O artista relembra um episódio em que um amigo pensou que um de seus quadros, visto de longe, tratava-se de um pedaço de madeira. Mas para além da estética, as cores de sua arte dialogam com seu posicionamento político enquanto homem negro. “Essa cor mais desaturada, que é quase um cinza dramático, me dá a possibilidade de ir além da memória, mas também de fazer um paralelo com questões raciais”.

“Minha questão com a cor é de uma complexidade, de um acúmulo quase psicótico”, afirma. “A memória é imaterial, é suspensa. A espiritualidade é um resgate da memória também”.

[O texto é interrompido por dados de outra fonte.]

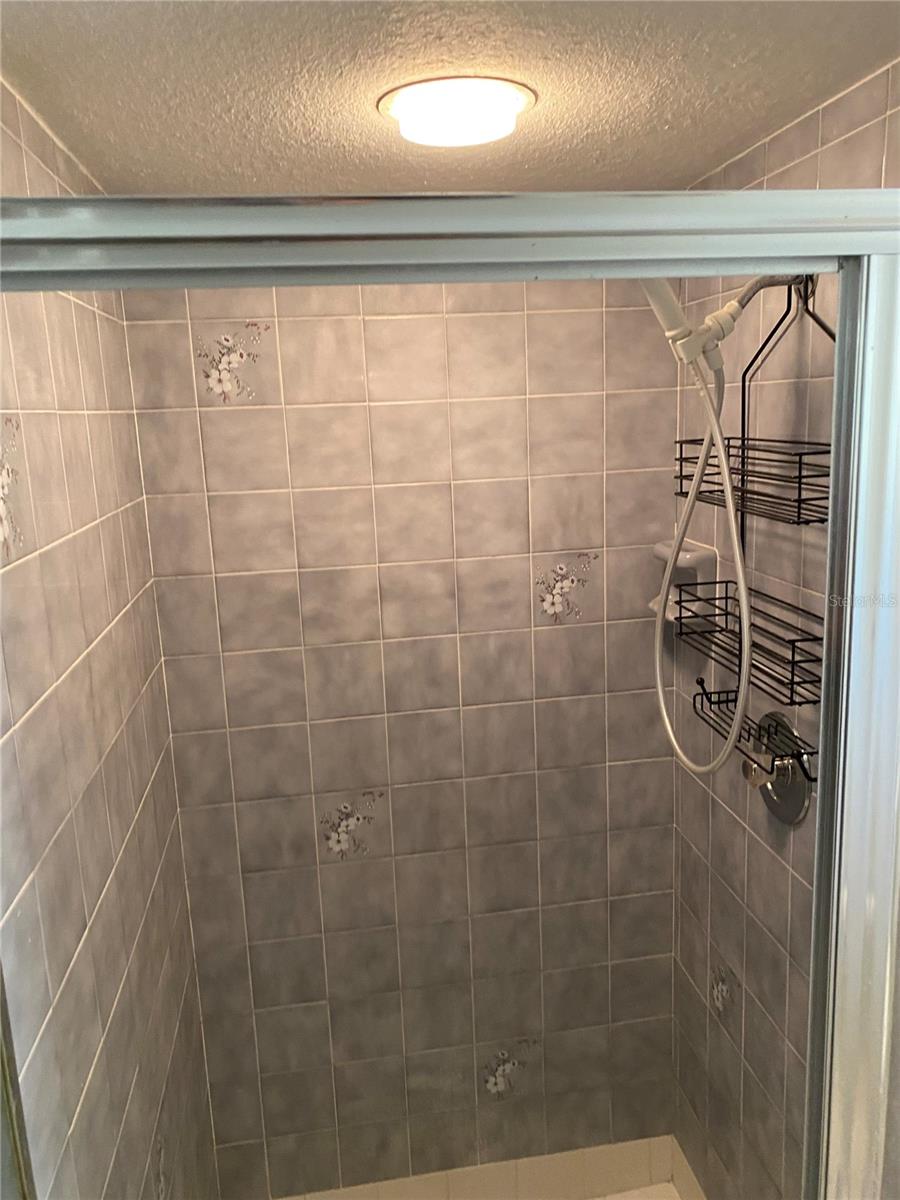 Image 24 of 37 For 9191 Gewant Boulevard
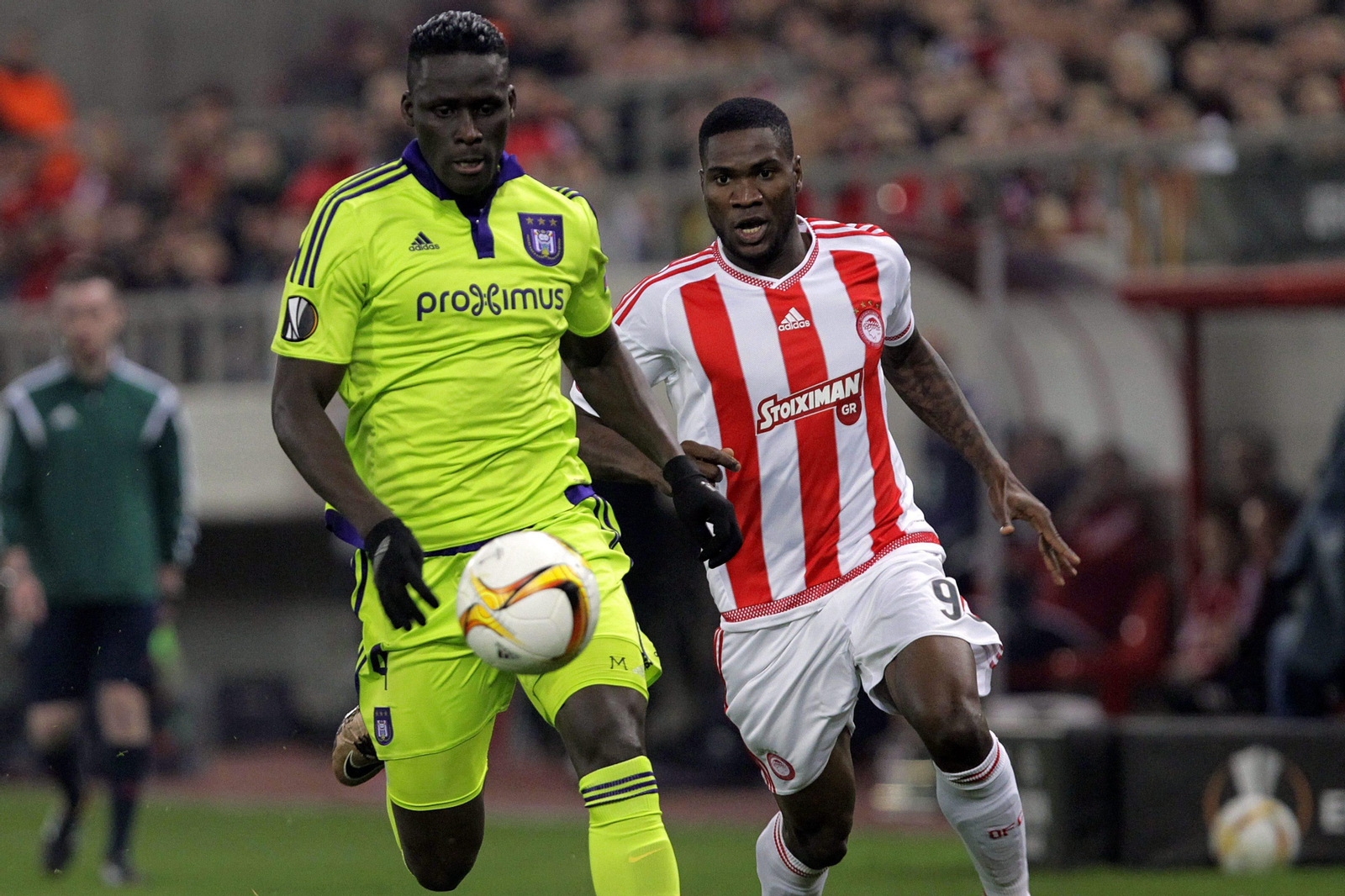 Kara Mbodji, a la izquierda, en un partido de Liga Europa ante el Olympiacos.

Apesar de a mostra ser a primeira individual do artista na capital paulista, Afa já expôs em “Dos Brasis”, que estreou no Sesc Belenzinho em 2023. Exclusivamente dedicada à produção de artistas negros brasileiros, está em cartaz agora no Sesc Quitandinha, no Rio de Janeiro. Atualmente, exibe “O Vento Continua, Todavia”, em cartaz no Paço Imperial do Rio até 10 de agosto.

O carioca tem passagem pela Escola de Belas Artes da Universidade Federal do Rio de Janeiro, mas sua trajetória artística começou muito antes. Sua iniciação foi aos 13 anos, quando pegou na mão uma lata de tinta em spray e começou a se aventurar no grafite pelas ruas do Complexo do Alemão, na zona norte da capital fluminense.

Ao ingressar na UFRJ, ele se deparou com a possibilidade de criar para além do muralismo e da arte urbana, e assim começou o que considera seu “trabalho de ateliê”. “Antes de ir para o Parque Lage, para a UFRJ, eu aprendi a pintar nas ruas. Sempre digo que o grafite é a maior escola de pintura das margens do mundo inteiro -foi [por ele] que me construí como pintor”, afirma.

Apesar do afeto ser o tema da seleção de trabalhos, Afa explica que ele não necessariamente precisa ocorrer entre duas (ou mais) pessoas. Pode ser solitário, melancólico, mas igualmente carinhoso -como é o caso de “O Primeiro Amor Deve Ser o Próprio”. Na obra de título auto explicativo, uma criança negra está sentada em uma banheira, com a cabeça ensaboada e uma expressão tranquila.

“Caranguejo”, que também retrata uma pessoa submergida em uma banheira, tem o nome inspirado no signo de Afa -segundo ele, muitas das cenas pintadas são fruto do “universo de um canceriano”. Ele diz se inspirar pelo romantismo aparentemente banal -as cenas de pessoas em banheiras, por exemplo, dialogam com obras do francês Pierre Bonnard, do grupo pós-impressionista Les Nabis. Afa entrou em contato com obras do artista, que pintava sua amada, Marthe, na banheira -ela tinha um problema de saúde que tinha como tratamento os banhos terapêuticos- e a pureza da situação comoveu-o.

Apesar das referências cultas -em entrevista Afa citou Morandi, Bonnard, o abstracionismo geométrico de Josef Albers, entre outros- ele explica que essa pesquisa artística ocorre de maneira orgânica. “Sou um apaixonado por pintura… Essas informações adquiri através do meu interesse, são pesquisas feitas através da vida”, afirma. “Não me proponho a ser um artista que performa a genialidade ou usa um universo robusto de narrativas intelectuais. Quero seguir com uma coisa honesta, verdadeira, com o que está acontecendo dentro de mim”.